Open MPI logo

Open MPI User's Mailing List Archives

  |   Home   |   Support   |   FAQ   |   all Open MPI User's mailing list

Subject: Re: [OMPI users] UDP like messaging with MPI
From: Jeremiah Willcock (jewillco_at_[hidden])
Date: 2011-11-21 14:50:22


On Mon, 21 Nov 2011, Mudassar Majeed wrote:

> Thank you for your answer. Actually, I used the term UDP to show the non-connection oriented messaging. TCP creates connection between two parties (who
> communicate) but in UDP a message can be sent to any IP/port where a process/thread is listening to, and if the process is busy in doing something, all the
> received messages are queued for it and when ever it calls the recv function one message is taken from the queue.

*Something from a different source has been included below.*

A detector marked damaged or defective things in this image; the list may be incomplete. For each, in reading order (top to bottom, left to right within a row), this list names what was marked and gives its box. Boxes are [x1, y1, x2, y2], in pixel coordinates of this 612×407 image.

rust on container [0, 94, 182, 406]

That is how MPI message matching works; messages sit in a queue until you
call MPI_Irecv (or MPI_Recv or MPI_Probe, etc.) to get them. Unlike UDP,
MPI messages do not need to complete on the sender until they are
received, so you will probably need to use MPI_Isend to avoid deadlocks.

> I am implementing a distributed algorithm that will provide communication sensitive load balancing for computational loads. For example, if we have 10 nodes each
> containing 10 cores (100 cores in total). So when MPI application will start (let say with 1000) processes (more than 1 process per core) then I will run my
> distributed algorithm MPI_Balance (sorry for giving MPI_ prefix as it is not a part of MPI, but I am trying to make it the part of MPI ;) ). So that algorithm
> will take those processes that communicate more in the same node (keeping the computational load on 10 cores on that node balanced).
>
> So that was the little bit explanation. So for that my distributed algorithm requires that some processes communicate with each other to collaborate on something.
> So I need a kind of messaging that I explained above. It is kind of UDP messaging (no connection before sending a message, and message is always queued on the
> receiver's side and sender is not blocked, it just sends the message and the receiver takes it when it gets free from other task).

The one difficulty in doing this is to manage the MPI requests from the
sends and poll them with MPI_Test periodically. You can just keep the
requests in an array (std::vector in C++) which can be expanded when
needed; to send a message, call MPI_Isend and put the request into the
array, and periodically call MPI_Testany or MPI_Testsome on the array to
find completed requests. Note that you will need to keep the data being
sent intact in its buffer until the request completes. Here's a naive
version that does extra copies and doesn't clean out its arrays of
requests or buffers:

class message_send_engine {
   vector<MPI_Request> requests;
   vector<vector<char> > buffers;

   public:
   void send(void* buf, int byte_len, int dest, int tag) {
     MPI_Request req;
     size_t buf_num = buffers.size();
     buffers.resize(buf_num + 1);
     buffers[buf_num].assign((char*)buf, (char*)buf + byte_len);
     requests.resize(buf_num + 1);
     MPI_Isend(&buffers[buf_num][0], byte_len, MPI_BYTE, dest, tag, MPI_COMM_WORLD, &requests[buf_num]);
   }

   void poll() { // Call this periodically
     while (true) {
       int index, flag;
       MPI_Testany((int)requests.size(), &requests[0], &index, &flag, MPI_STATUS_IGNORE);
       if (flag && index != MPI_UNDEFINED) {
         buffers[index].clear(); // Free memory
       } else {
         break;
       }
     }
   }
};

bool test_for_message(void* buf, int max_len, MPI_Status& st) {
   int flag;
   MPI_Iprobe(MPI_ANY_SOURCE, MPI_ANY_TAG, MPI_COMM_WORLD, &flag, &st);
   return (flag != 0);
}

If test_for_message returns true, you can then use MPI_Recv to get the
message.

> I have tried to use the combination of MPI_Send, MPI_Recv, MPI_Iprobe,
> MPI_Isend, MPI_Irecv, MPI_Test etc, but I am not getting that thing that
> I am looking for. I think MPI should also provide that way. May be it is
> not in my knowledge. That's why I am asking the experts. I am still
> looking for it :(

-- Jeremiah Willcock